- Task brief: Emit a verbatim copy of the lines below from the line with "1973年，史鴻堯（前排右）" through the line with "Los hijos de", excluding pictures and everything outside that range.

START Material supplied

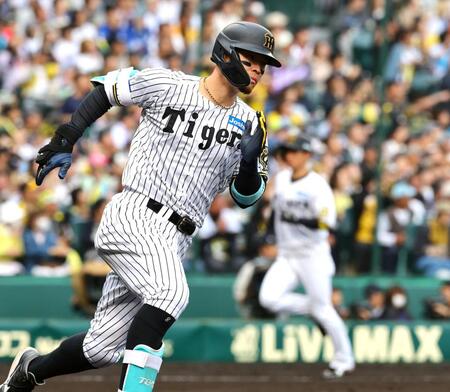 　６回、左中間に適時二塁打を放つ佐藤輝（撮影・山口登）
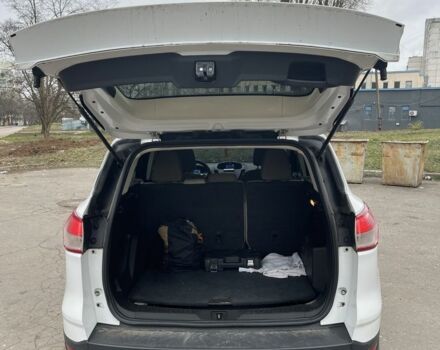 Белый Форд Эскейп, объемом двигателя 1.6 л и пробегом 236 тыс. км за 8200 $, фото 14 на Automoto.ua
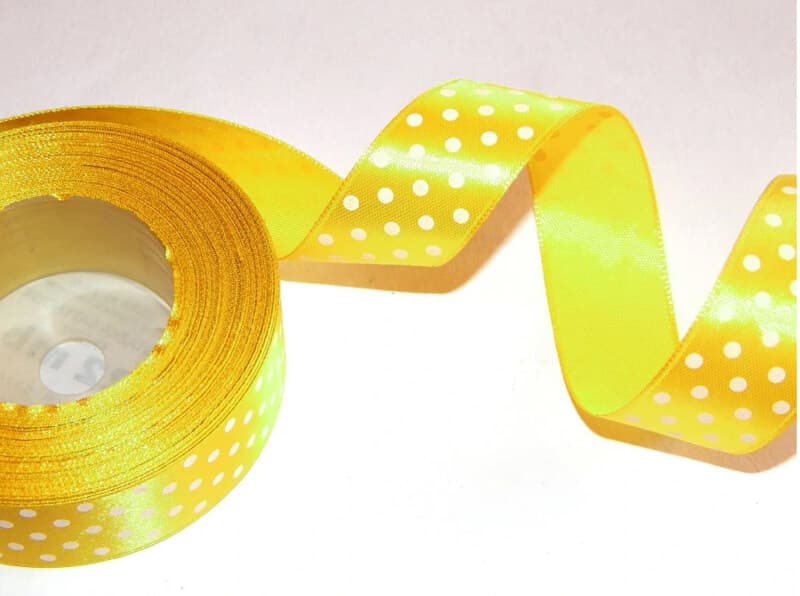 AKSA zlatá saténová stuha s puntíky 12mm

END Material supplied
START Material supplied

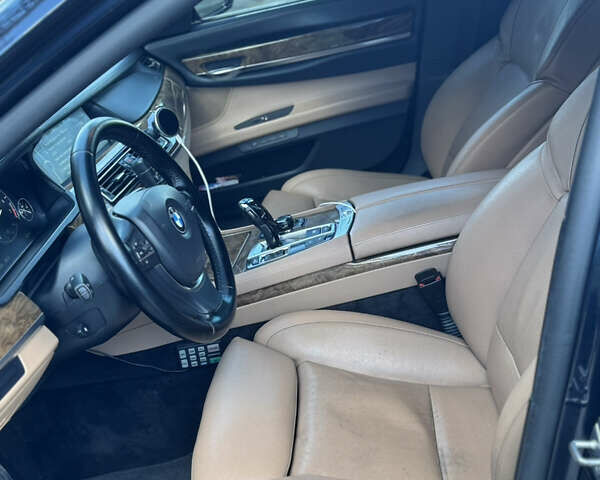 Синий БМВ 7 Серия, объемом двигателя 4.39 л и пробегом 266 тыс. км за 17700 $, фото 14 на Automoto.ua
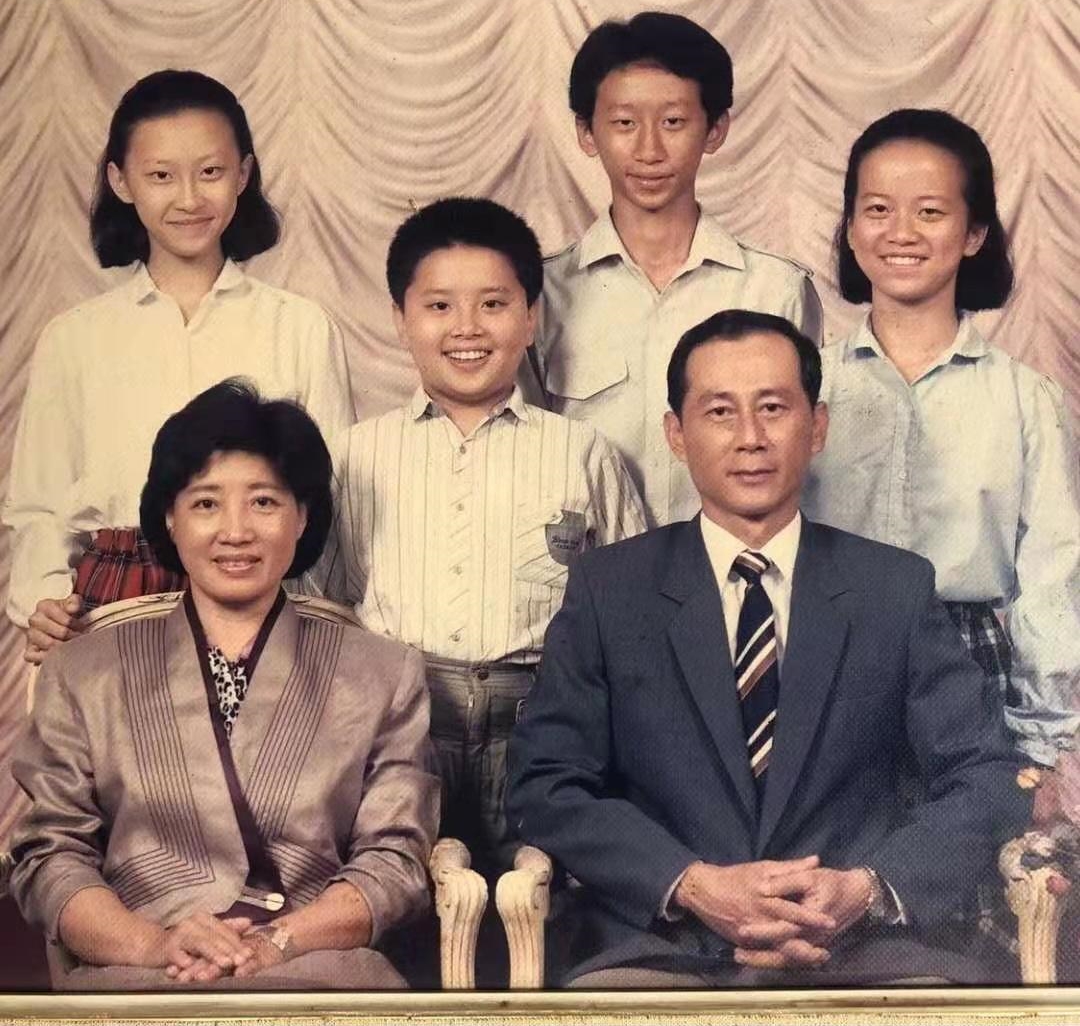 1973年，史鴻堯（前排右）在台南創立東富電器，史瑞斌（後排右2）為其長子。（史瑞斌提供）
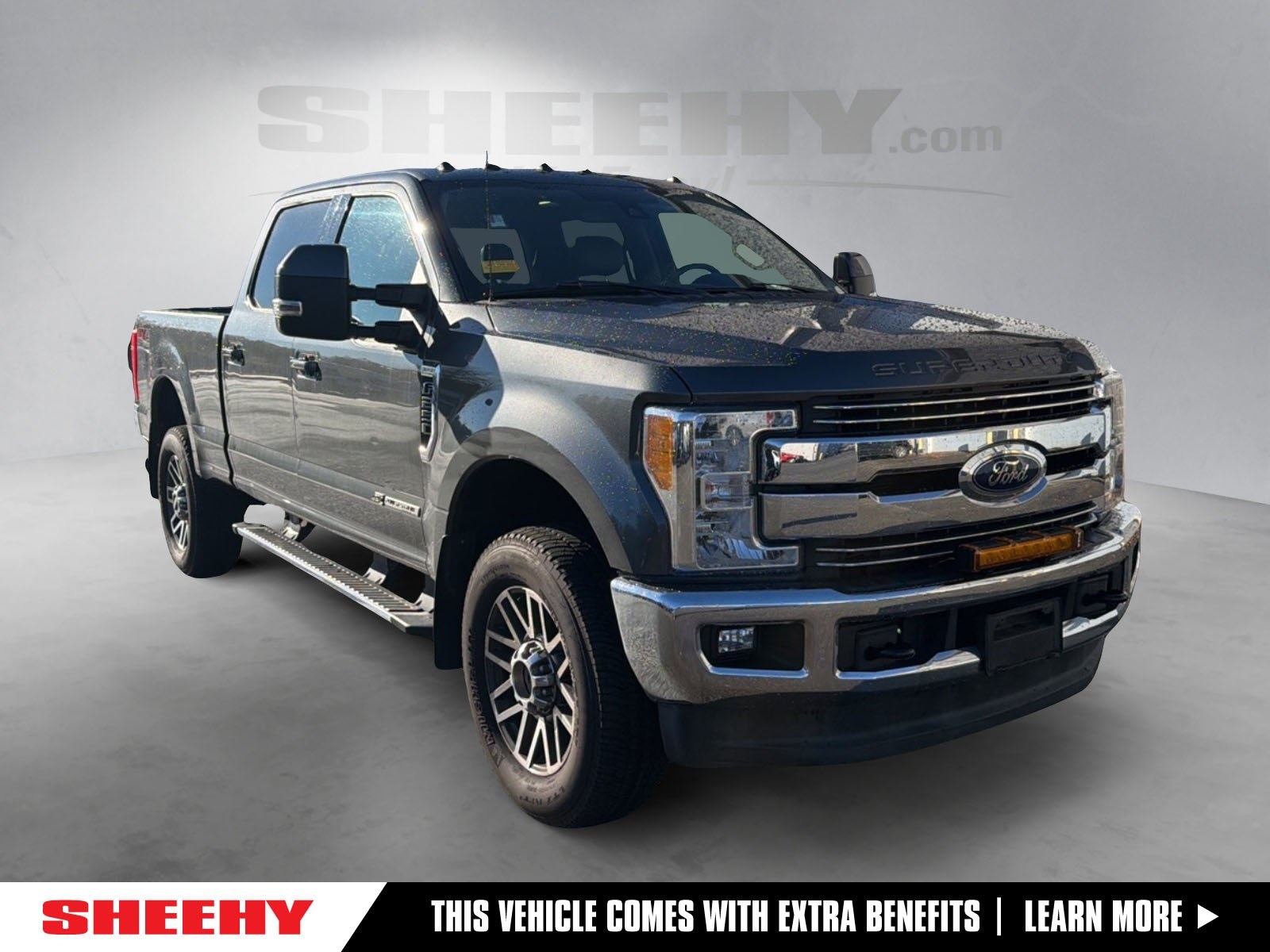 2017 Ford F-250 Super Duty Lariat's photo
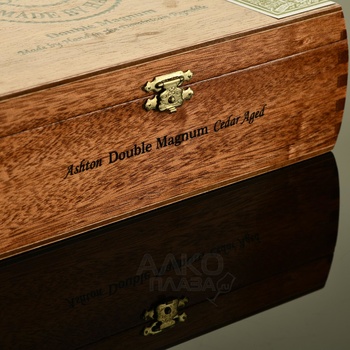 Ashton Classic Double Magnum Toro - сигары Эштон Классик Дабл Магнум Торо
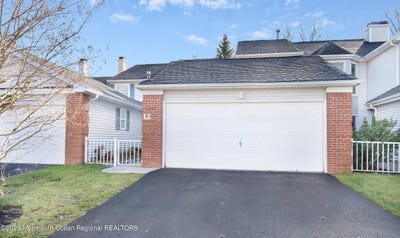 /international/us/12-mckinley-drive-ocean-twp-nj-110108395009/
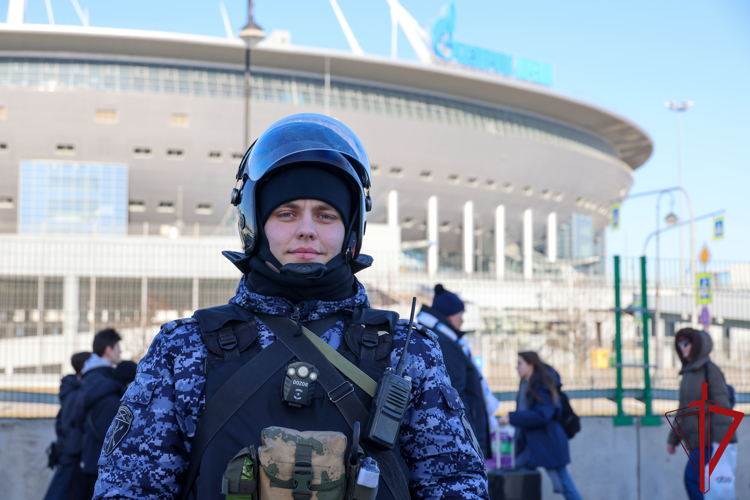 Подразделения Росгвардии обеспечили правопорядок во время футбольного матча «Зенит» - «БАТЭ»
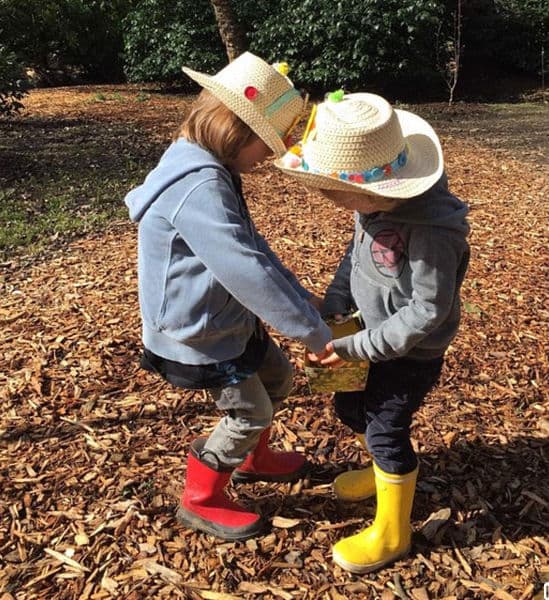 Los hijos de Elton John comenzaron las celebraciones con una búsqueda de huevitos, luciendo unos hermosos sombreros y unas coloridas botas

END Material supplied
START Material supplied

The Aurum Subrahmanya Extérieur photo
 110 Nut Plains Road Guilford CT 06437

END Material supplied

- Answer to this task:
 1973年，史鴻堯（前排右）在台南創立東富電器，史瑞斌（後排右2）為其長子。（史瑞斌提供）
 2017 Ford F-250 Super Duty Lariat's photo
 Ashton Classic Double Magnum Toro - сигары Эштон Классик Дабл Магнум Торо
 /international/us/12-mckinley-drive-ocean-twp-nj-110108395009/
 Подразделения Росгвардии обеспечили правопорядок во время футбольного матча «Зенит» - «БАТЭ»
 Los hijos de Elton John comenzaron las celebraciones con una búsqueda de huevitos, luciendo unos hermosos sombreros y unas coloridas botas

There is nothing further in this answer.